In theory, I'm strongly in favor of making the interpolation and caching more explicit, which I think the first part of your proposal does. The competing issue is the ease-of-use for simple or common cases, which is what I think the second part of your proposal is. The challenge here is to maintain explicit behavior without overburdening the user for simple use-cases. In general, a slightly more verbose API that requires more boilerplate can actually be less burden on users. For me, the factory argument ventures into implicit or confusing behavior where the make method is trying to do two different things in the same method. I think the make classmethod without the factory arguments is a reasonable API.

What about a Node method that returns an Interpolation node and another than returns a Cache node:

class Node(...):
    def cache(self, **kwargs):
        return podpac.Cache(source=self, **kwargs)

    def interpolation(self, **kwargs):
        return podpac.Interpolation(source=self, **kwargs)

One-line usage would be:

node = podpac.data.Rasterio(source=<path>).cache().interpolation()

Not sure this is any better, especially in python syntax. So just another proposal that might keep the juices flowing or even clarify why the flat make version is better.

Last thing. My podpac.Environment proposal (https://github.com/creare-com/podpac/issues/451#issuecomment-850514165) comes to mind. The other alternative that I have tickling my brain is to push all caching into this environment. Your make classmethod would be replaced with a interpolate classmethod that does the same thing but only handles interpolation. The Environment would inject caching at the desired node.

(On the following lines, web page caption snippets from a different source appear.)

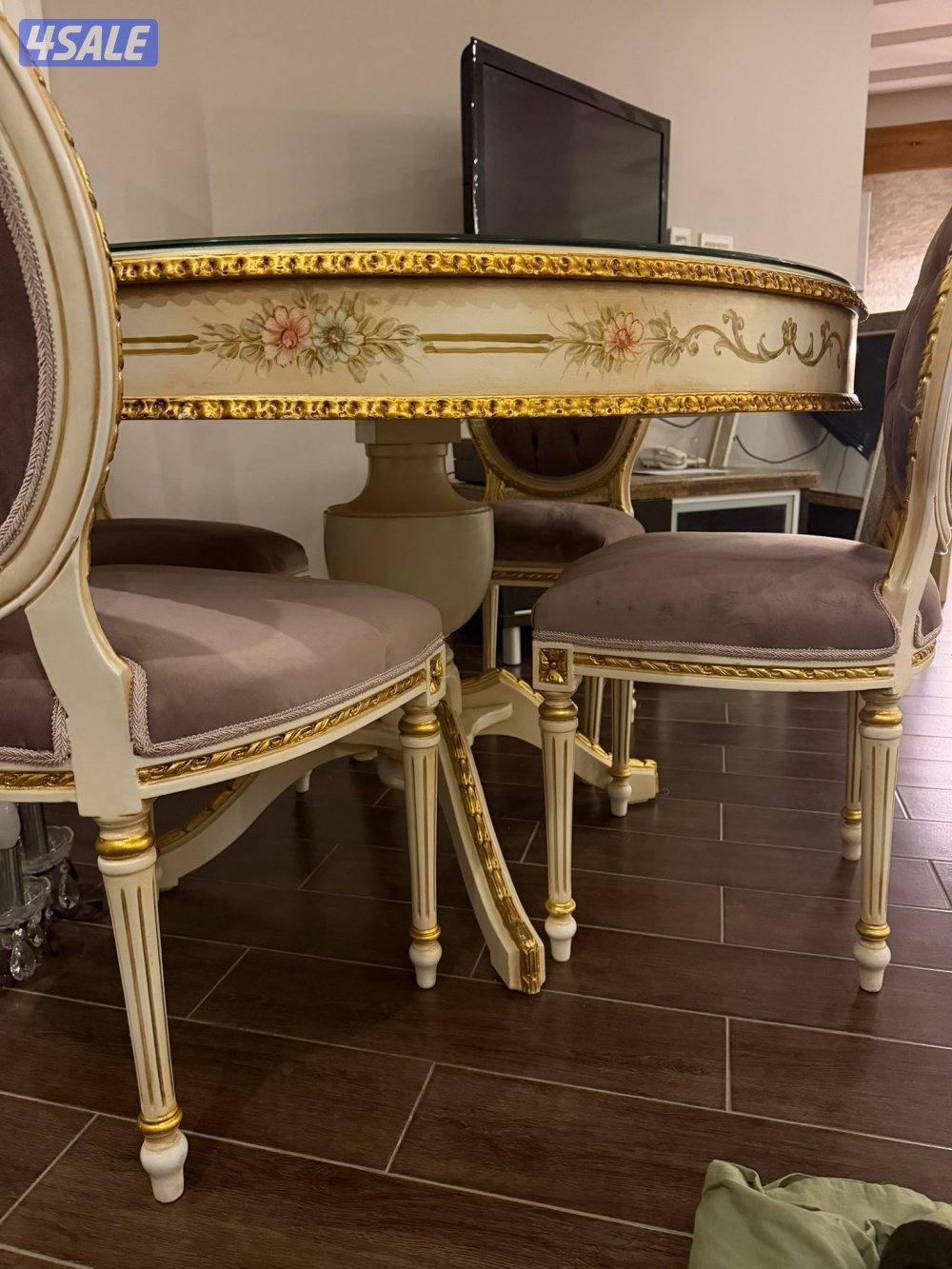 طاولة طعام كلاسيك فاخر (خشب زان أصلي) – قطر 1201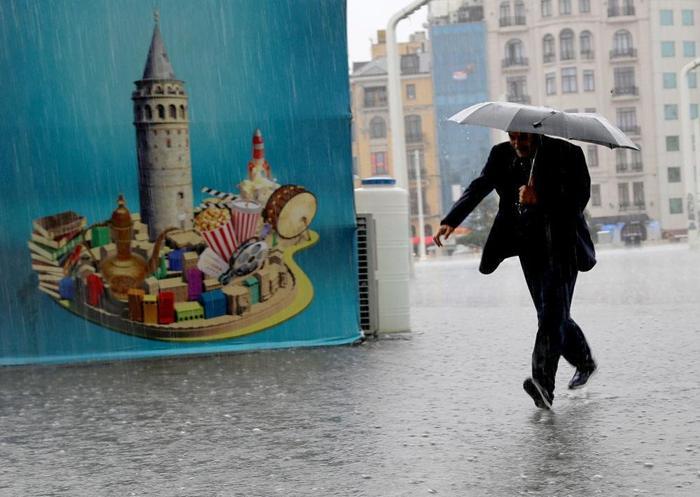 İstanbulda sağanak hayatı felç etti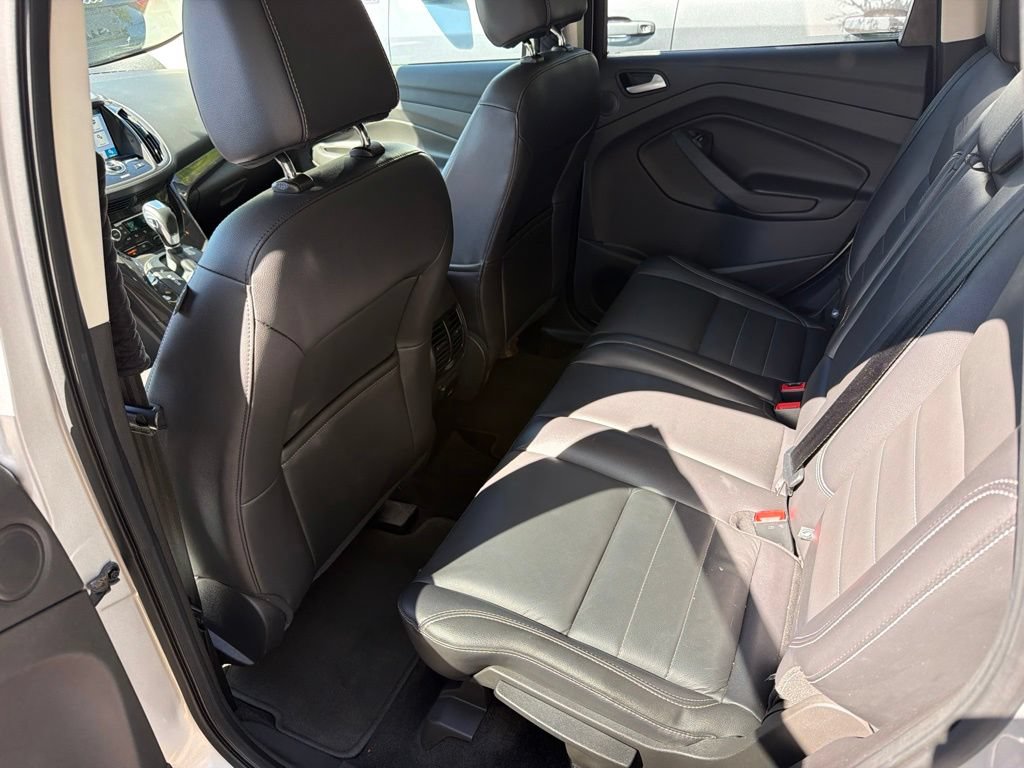 Used 2016 Ford Escape Titanium w/ Equipment Group 301A AWD/4WD image 19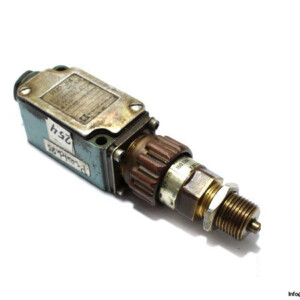 Telemecanique XM2-JM160 Pressure Switch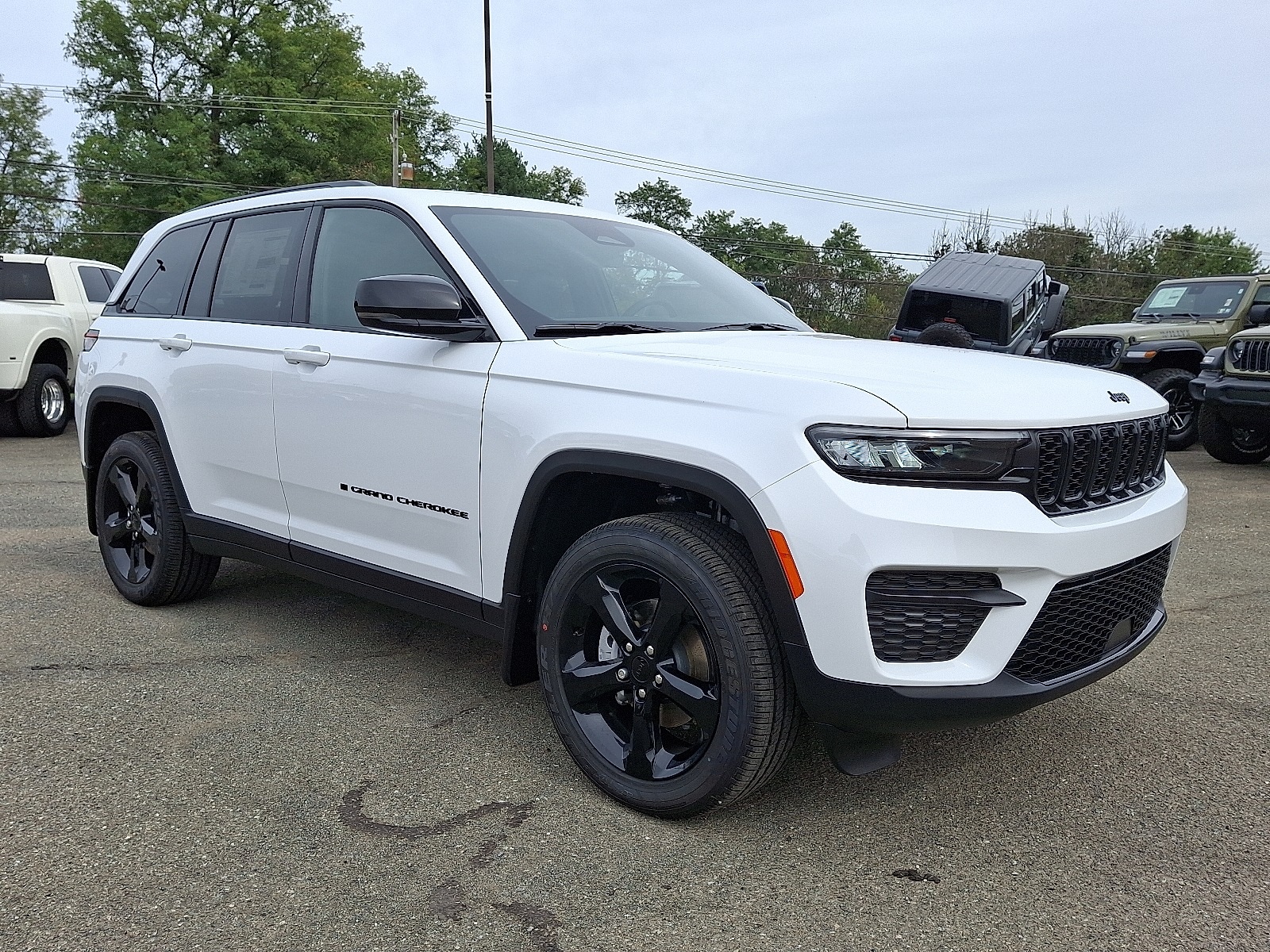 2025 Jeep Grand Cherokee Altitude's photo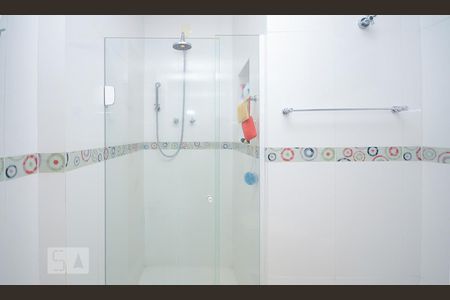 Apartamento à venda com 222m², 4 quartos e 2 vagas Apartamento à venda com 222m², 4 quartos e 2 vagasBanheiro Social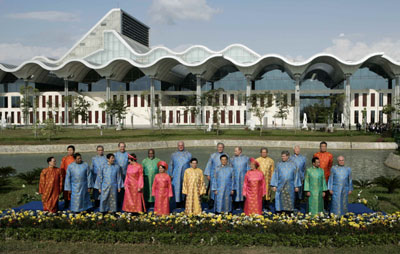APEC leaders take family photo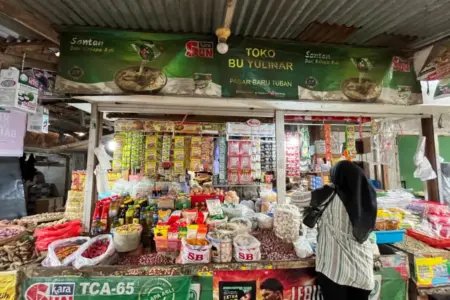 Harga Cabe di Pasar Baru Tuban Tembus Rp95 Ribu per Kilogram di Bulan Ramadan Foto BeritaJatim.com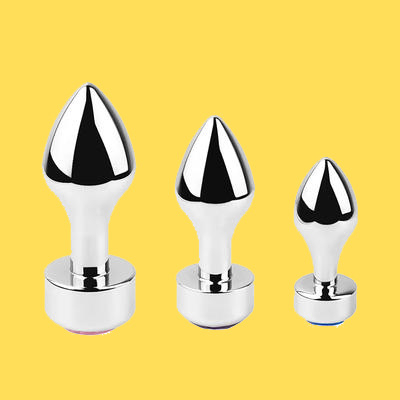 UM-PL010S Metal Plug in Silver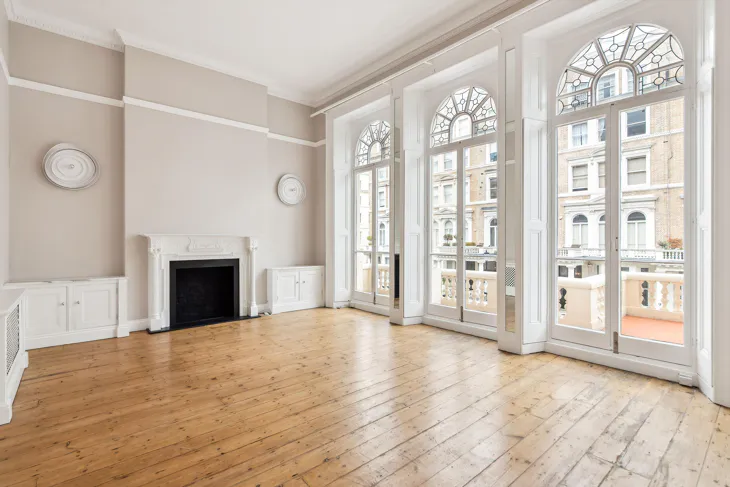 Flat Queen's Gate Place in Greater London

with podpac.Environment(...) as env:
    data_node = Rasterio(source=<path>)
    node = Interpolation(source=data_node, <interpolation args>)
    env.cache(data_node, <caching args>) # inject caching at the data_node before interpolation
    node.eval(...)

# or, with the factory:
with podpac.Environment(...) as env:
    node = Rasterio.interpolation(source=<data>, <interpolation_args>)
    env.cache(node.source) # inject caching before interpolation
    node.eval(...)

This comes as a user spec and no claims about implementation.

One thing that stands out to me now that I write this (and thinking about representing this spec in the JSON pipeline, for example) is: does caching belong in the pipeline? It doesn't effect the results, only the running behavior just like threading and other execution controls. A JSON pipeline coupled with an execution environment makes sense to me, with caching included in the execution environment. In a serialized pipeline/environment, the nodes you want to cache could easily be listed by name.

The more I type this out, the more I'm on the side of keeping caching out of the pipeline, though I expect that there are strong practical reasons that this would become unwieldy that I don't remember. I don't mean that there wouldn't be a Caching node in the implementation, but that in normal user-facing API usage, you would access it another way.

joffreypeters commented 1 year ago

it depends how much optimization we want to do because this change would provide a lot of potential optimizations. (i.e. caching the raw data instead of interpolated version, interpolating as the last step for most of the pipelines, etc.)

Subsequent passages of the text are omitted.